:: About this exercise ::
Give back the data below exactly, with every line kept the same.

:: Records ::
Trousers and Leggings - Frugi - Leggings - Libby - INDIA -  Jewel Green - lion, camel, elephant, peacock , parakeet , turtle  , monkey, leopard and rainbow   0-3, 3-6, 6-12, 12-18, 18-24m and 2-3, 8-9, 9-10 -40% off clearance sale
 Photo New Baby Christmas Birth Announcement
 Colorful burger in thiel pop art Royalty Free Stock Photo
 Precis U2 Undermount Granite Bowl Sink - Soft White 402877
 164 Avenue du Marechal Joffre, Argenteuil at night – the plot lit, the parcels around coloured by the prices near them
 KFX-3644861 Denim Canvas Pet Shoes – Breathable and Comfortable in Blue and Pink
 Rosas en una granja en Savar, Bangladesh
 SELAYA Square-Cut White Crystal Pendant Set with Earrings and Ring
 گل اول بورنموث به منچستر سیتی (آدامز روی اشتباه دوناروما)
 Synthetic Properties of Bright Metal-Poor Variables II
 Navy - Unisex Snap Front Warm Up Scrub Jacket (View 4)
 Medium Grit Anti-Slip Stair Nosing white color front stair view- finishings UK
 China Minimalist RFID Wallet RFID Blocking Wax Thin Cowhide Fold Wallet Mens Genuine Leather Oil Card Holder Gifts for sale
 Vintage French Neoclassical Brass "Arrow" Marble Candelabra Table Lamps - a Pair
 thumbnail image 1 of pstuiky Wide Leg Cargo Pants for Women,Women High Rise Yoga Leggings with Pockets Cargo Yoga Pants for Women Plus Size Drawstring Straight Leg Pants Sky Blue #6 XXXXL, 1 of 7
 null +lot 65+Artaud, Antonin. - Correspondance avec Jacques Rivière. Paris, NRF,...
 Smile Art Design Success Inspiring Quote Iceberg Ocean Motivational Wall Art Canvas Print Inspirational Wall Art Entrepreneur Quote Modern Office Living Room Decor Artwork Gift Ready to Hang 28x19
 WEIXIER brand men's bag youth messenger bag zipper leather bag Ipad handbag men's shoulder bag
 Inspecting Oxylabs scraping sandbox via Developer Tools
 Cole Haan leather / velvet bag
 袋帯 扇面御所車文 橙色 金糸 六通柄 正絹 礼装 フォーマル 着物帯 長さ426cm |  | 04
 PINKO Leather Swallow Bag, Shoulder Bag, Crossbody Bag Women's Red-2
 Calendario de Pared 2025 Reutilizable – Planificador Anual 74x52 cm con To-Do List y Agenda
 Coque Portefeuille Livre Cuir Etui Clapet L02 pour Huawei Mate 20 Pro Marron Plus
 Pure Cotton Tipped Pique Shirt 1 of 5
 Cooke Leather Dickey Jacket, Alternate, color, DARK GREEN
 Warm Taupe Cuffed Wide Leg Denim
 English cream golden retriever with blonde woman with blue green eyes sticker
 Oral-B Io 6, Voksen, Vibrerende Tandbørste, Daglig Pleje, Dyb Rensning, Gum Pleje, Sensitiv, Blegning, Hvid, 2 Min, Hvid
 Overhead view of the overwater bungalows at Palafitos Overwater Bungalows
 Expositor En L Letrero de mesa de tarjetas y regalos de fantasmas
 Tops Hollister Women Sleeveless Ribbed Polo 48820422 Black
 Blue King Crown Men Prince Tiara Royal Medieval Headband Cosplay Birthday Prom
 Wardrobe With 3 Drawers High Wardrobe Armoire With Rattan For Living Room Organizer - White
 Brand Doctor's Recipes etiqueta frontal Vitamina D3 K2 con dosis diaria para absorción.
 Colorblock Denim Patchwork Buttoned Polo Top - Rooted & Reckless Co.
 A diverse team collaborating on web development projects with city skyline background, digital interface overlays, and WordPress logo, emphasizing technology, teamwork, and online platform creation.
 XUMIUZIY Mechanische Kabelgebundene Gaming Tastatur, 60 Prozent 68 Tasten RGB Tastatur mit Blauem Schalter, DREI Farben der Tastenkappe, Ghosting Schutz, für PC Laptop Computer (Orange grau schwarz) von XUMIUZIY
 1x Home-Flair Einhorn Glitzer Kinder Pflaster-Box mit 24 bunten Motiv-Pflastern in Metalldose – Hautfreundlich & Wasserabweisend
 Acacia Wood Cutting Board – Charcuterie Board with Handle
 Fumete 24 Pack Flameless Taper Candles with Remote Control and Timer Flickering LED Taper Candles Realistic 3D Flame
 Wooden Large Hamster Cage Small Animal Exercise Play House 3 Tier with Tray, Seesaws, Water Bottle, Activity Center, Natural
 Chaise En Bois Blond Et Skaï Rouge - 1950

:: Written solution ::
Trousers and Leggings - Frugi - Leggings - Libby - INDIA -  Jewel Green - lion, camel, elephant, peacock , parakeet , turtle  , monkey, leopard and rainbow   0-3, 3-6, 6-12, 12-18, 18-24m and 2-3, 8-9, 9-10 -40% off clearance sale
 Photo New Baby Christmas Birth Announcement
 Colorful burger in thiel pop art Royalty Free Stock Photo
 Precis U2 Undermount Granite Bowl Sink - Soft White 402877
 164 Avenue du Marechal Joffre, Argenteuil at night – the plot lit, the parcels around coloured by the prices near them
 KFX-3644861 Denim Canvas Pet Shoes – Breathable and Comfortable in Blue and Pink
 Rosas en una granja en Savar, Bangladesh
 SELAYA Square-Cut White Crystal Pendant Set with Earrings and Ring
 گل اول بورنموث به منچستر سیتی (آدامز روی اشتباه دوناروما)
 Synthetic Properties of Bright Metal-Poor Variables II
 Navy - Unisex Snap Front Warm Up Scrub Jacket (View 4)
 Medium Grit Anti-Slip Stair Nosing white color front stair view- finishings UK
 China Minimalist RFID Wallet RFID Blocking Wax Thin Cowhide Fold Wallet Mens Genuine Leather Oil Card Holder Gifts for sale
 Vintage French Neoclassical Brass "Arrow" Marble Candelabra Table Lamps - a Pair
 thumbnail image 1 of pstuiky Wide Leg Cargo Pants for Women,Women High Rise Yoga Leggings with Pockets Cargo Yoga Pants for Women Plus Size Drawstring Straight Leg Pants Sky Blue #6 XXXXL, 1 of 7
 null +lot 65+Artaud, Antonin. - Correspondance avec Jacques Rivière. Paris, NRF,...
 Smile Art Design Success Inspiring Quote Iceberg Ocean Motivational Wall Art Canvas Print Inspirational Wall Art Entrepreneur Quote Modern Office Living Room Decor Artwork Gift Ready to Hang 28x19
 WEIXIER brand men's bag youth messenger bag zipper leather bag Ipad handbag men's shoulder bag
 Inspecting Oxylabs scraping sandbox via Developer Tools
 Cole Haan leather / velvet bag
 袋帯 扇面御所車文 橙色 金糸 六通柄 正絹 礼装 フォーマル 着物帯 長さ426cm |  | 04
 PINKO Leather Swallow Bag, Shoulder Bag, Crossbody Bag Women's Red-2
 Calendario de Pared 2025 Reutilizable – Planificador Anual 74x52 cm con To-Do List y Agenda
 Coque Portefeuille Livre Cuir Etui Clapet L02 pour Huawei Mate 20 Pro Marron Plus
 Pure Cotton Tipped Pique Shirt 1 of 5
 Cooke Leather Dickey Jacket, Alternate, color, DARK GREEN
 Warm Taupe Cuffed Wide Leg Denim
 English cream golden retriever with blonde woman with blue green eyes sticker
 Oral-B Io 6, Voksen, Vibrerende Tandbørste, Daglig Pleje, Dyb Rensning, Gum Pleje, Sensitiv, Blegning, Hvid, 2 Min, Hvid
 Overhead view of the overwater bungalows at Palafitos Overwater Bungalows
 Expositor En L Letrero de mesa de tarjetas y regalos de fantasmas
 Tops Hollister Women Sleeveless Ribbed Polo 48820422 Black
 Blue King Crown Men Prince Tiara Royal Medieval Headband Cosplay Birthday Prom
 Wardrobe With 3 Drawers High Wardrobe Armoire With Rattan For Living Room Organizer - White
 Brand Doctor's Recipes etiqueta frontal Vitamina D3 K2 con dosis diaria para absorción.
 Colorblock Denim Patchwork Buttoned Polo Top - Rooted & Reckless Co.
 A diverse team collaborating on web development projects with city skyline background, digital interface overlays, and WordPress logo, emphasizing technology, teamwork, and online platform creation.
 XUMIUZIY Mechanische Kabelgebundene Gaming Tastatur, 60 Prozent 68 Tasten RGB Tastatur mit Blauem Schalter, DREI Farben der Tastenkappe, Ghosting Schutz, für PC Laptop Computer (Orange grau schwarz) von XUMIUZIY
 1x Home-Flair Einhorn Glitzer Kinder Pflaster-Box mit 24 bunten Motiv-Pflastern in Metalldose – Hautfreundlich & Wasserabweisend
 Acacia Wood Cutting Board – Charcuterie Board with Handle
 Fumete 24 Pack Flameless Taper Candles with Remote Control and Timer Flickering LED Taper Candles Realistic 3D Flame
 Wooden Large Hamster Cage Small Animal Exercise Play House 3 Tier with Tray, Seesaws, Water Bottle, Activity Center, Natural
 Chaise En Bois Blond Et Skaï Rouge - 1950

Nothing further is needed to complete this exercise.